No wonder the right wing nuts hate me. They hate anyone who is happy.
32
Coming out is a personal growth experience. It's often painful while you're doing it, but once it's mostly done, it leaves a person in a better place. For many (not all) GLB folk, that means that when the next personal growth possibility comes along, they're more likely to go for it than to hide from it, because their experience in coming out has taught them that going for personal growth is more likely to lead to a positive outcome.

It's a lot easier to find happiness in life if you know who you are and what you want. In order to come out as gay in the first place, a person has to have some self-knowledge, and that self-knowledge about sexual orientation often leads a person to look for more.
33
@12, We’re in the same boat. I’m worried about going back to college, and he and I are both sorta lousy at housework and chores. He’s in school and it’s tricky enough to work in some sexy time after job/homework/dinner/Netflix and that's just with two of us in the house.

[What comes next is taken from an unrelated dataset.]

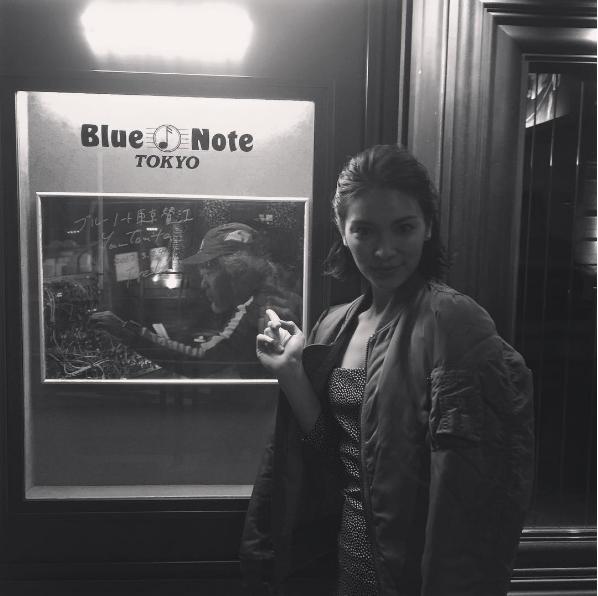 BLUE NOTE TOKYOを訪れた秋元才加（出典：https://www.instagram.com/areasayaka）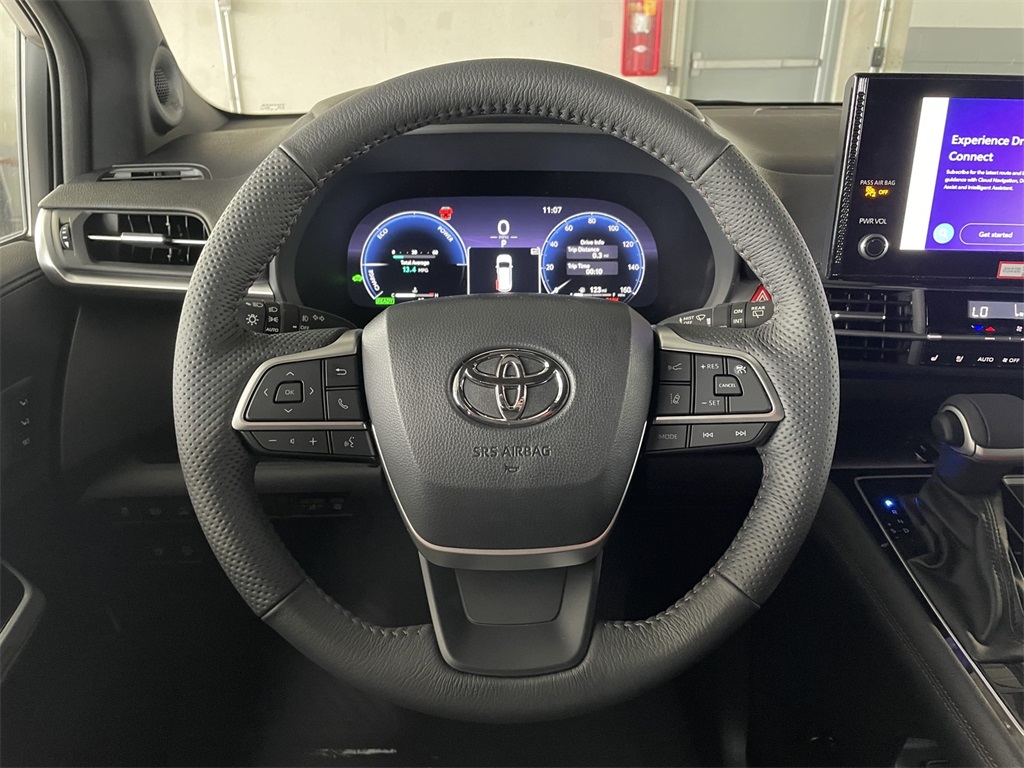 Vehicle image 15 of 39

@ 23, Forgive me, I know many a single mom who has made a name for herself in spite of, or because of her children. But, I’m generally cynical about people and their inflated sense of purpose, so sorry about the “little” lives comment. Won't deny I'm bitter, my friends and family have been getting knocked-up since I was 16. I’m just lucky my mom recognized my need/desire for the pill when I was younger and too sheepish to ask for it...Sister was not so lucky (knocked up by a church friend-turned-husband), but I love her and those kids. What else can you do? Brother-in-law wants us to make cousins for them. That's how Christian breeders think: it's about filling quotas, not ensuring that a kid will have a safe and comfortable life.

I had a friend who used to cringe when I tried to tell her cute stories about my niece. She used to rage against the institution of marriage, and told me she didn't approve of my choice in husband. Fast-forward to her pregnancy and she’s speaking in clichés just like the Garfunkel and Oates song Savage has shared. And she's engaged now! Shit happens. Maybe I should send her the study ;)

Damn you queers, and not for the usual reasons!